El único hombre que le puso un dedo encima a Rosa Elvira —obviamente, antes del episodio en el Parque Nacional— fue el padre de su hija y lo hizo el primer día que vivieron juntos. Fue, además, el único día que convivieron bajo un mismo techo. Ella no era de novios, recuerda su familia, y aparte del papá de Juliana, en su casa conocieron a Manuel, con quien tuvo una relación de ocho años. Ése que hoy llama todos los días a doña María Aurora y Adriana para saber cómo están; el trabajador de una empresa de eventos que, cada que podía, se llevaba a Rosa Elvira a su lugar de trabajo para que ella también disfrutara de la música de ocasión. El novio que aún no se repone de que a su chica le arrebataran la vida con tanta cobardía.

Rosa Elvira vivió con su mamá hasta hace dos años, cuando, por cuestiones económicas y de logística, se separaron.
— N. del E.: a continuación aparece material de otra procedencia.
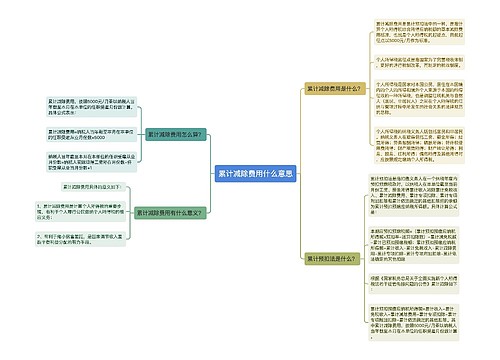 累计减除费用什么意思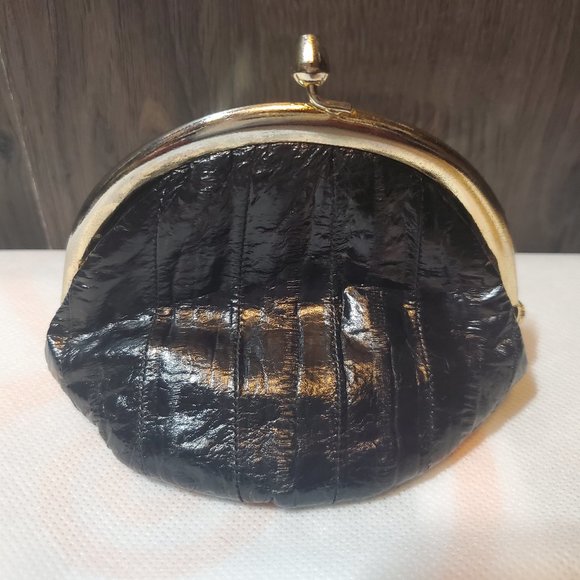 EUC Vintage Eel skin Coin Purse Twistlock Hardware Genuine Eelskin Black - Picture 4 of 8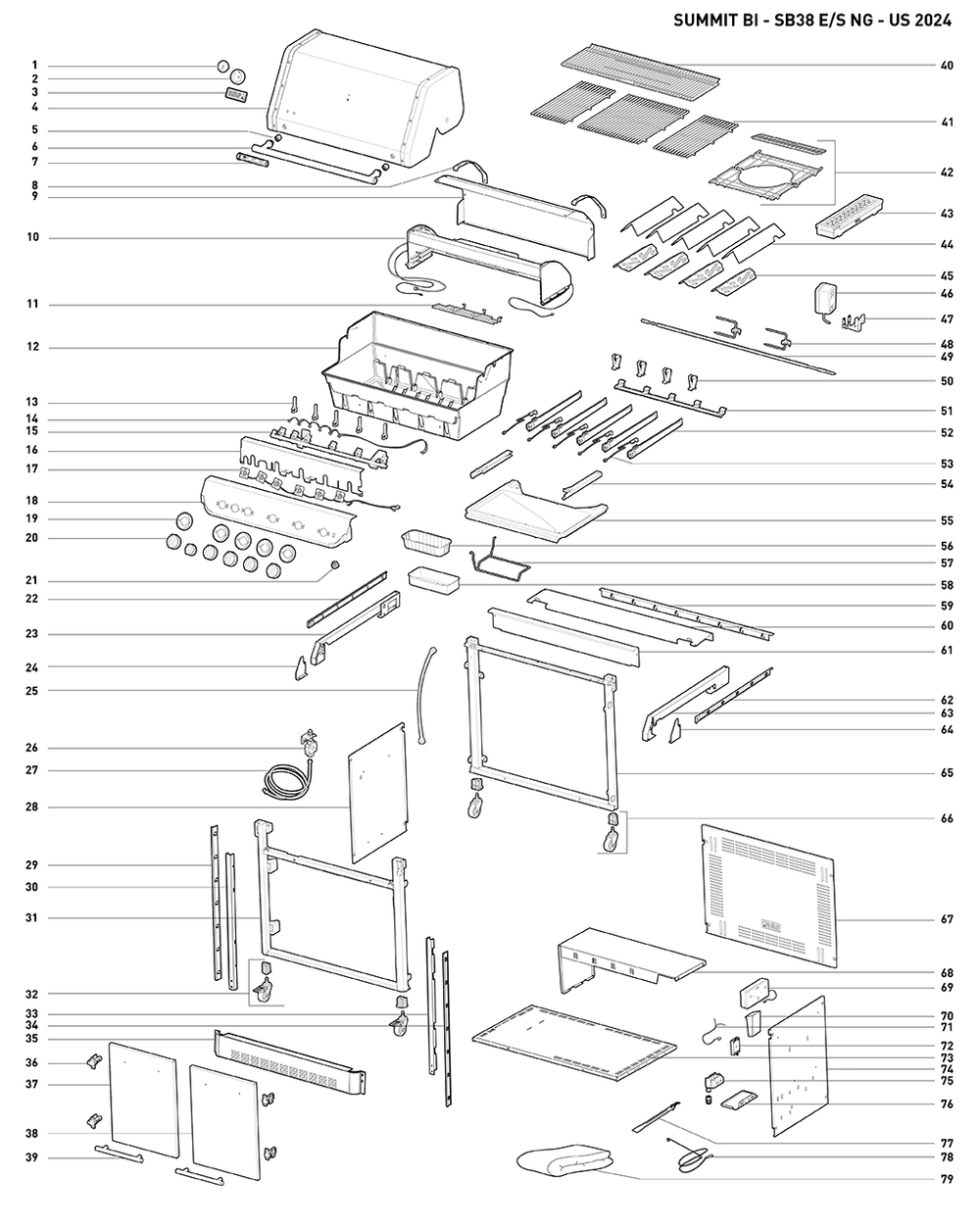 Section 1 Diagram and Parts List for 1500043  Weber Built-In Cooking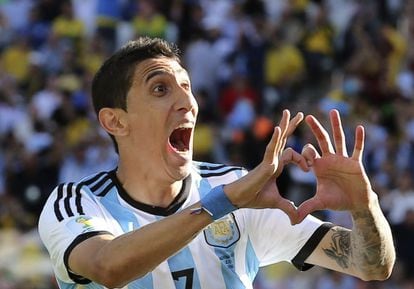 Di María comemora seu gol contra a Suíça.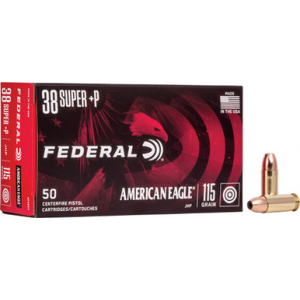 FEDERAL American Eagle 38 Super Plus P Jacketed Hollow Point 115 Grain 50 Rounds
Doña María Aurora se quedó al cuidado de la nieta y Rosa Elvira se fue a vivir con una amiga de su iglesia, la misma a la que llamó la Policía el pasado 24 de mayo para avisarle del cruel ataque. Pero ella, desde la distancia, nunca dejó de estar pendiente de su niña. Era una mujer nacida y crecida en un hogar humilde. A todos lados iba caminando, acostumbrada desde siempre a no tener dinero para los buses. No terminó el colegio por trabajar para mantener a su niña, pero una década después se había propuesto ser bachiller.

“Ella nos llamaba a cada rato, a ver cómo estábamos, cómo estaba la niña. Vivía pegada al teléfono y, ya ven, por eso fue también que pudo vivir unos días más”, señala la hermana de Rosa Elvira, Adriana. A su novio Manuel solía repetirle: “Uno puede estar muriéndose y usted ni una llamadita”, y fue esa frase la que retumbó en la cabeza del hombre, una y otra vez, cuando la vio postrada en la cama del hospital. Así, indefensa y herida de muerte, como la había dejado su atacante, alcanzó a llorar con su mamá y hermanos. “Le hablábamos, le decíamos que no se rindiera. Ella era muy fuerte, guapa para el dolor, y luchó hasta donde pudo. Luchó hasta su último respiro”.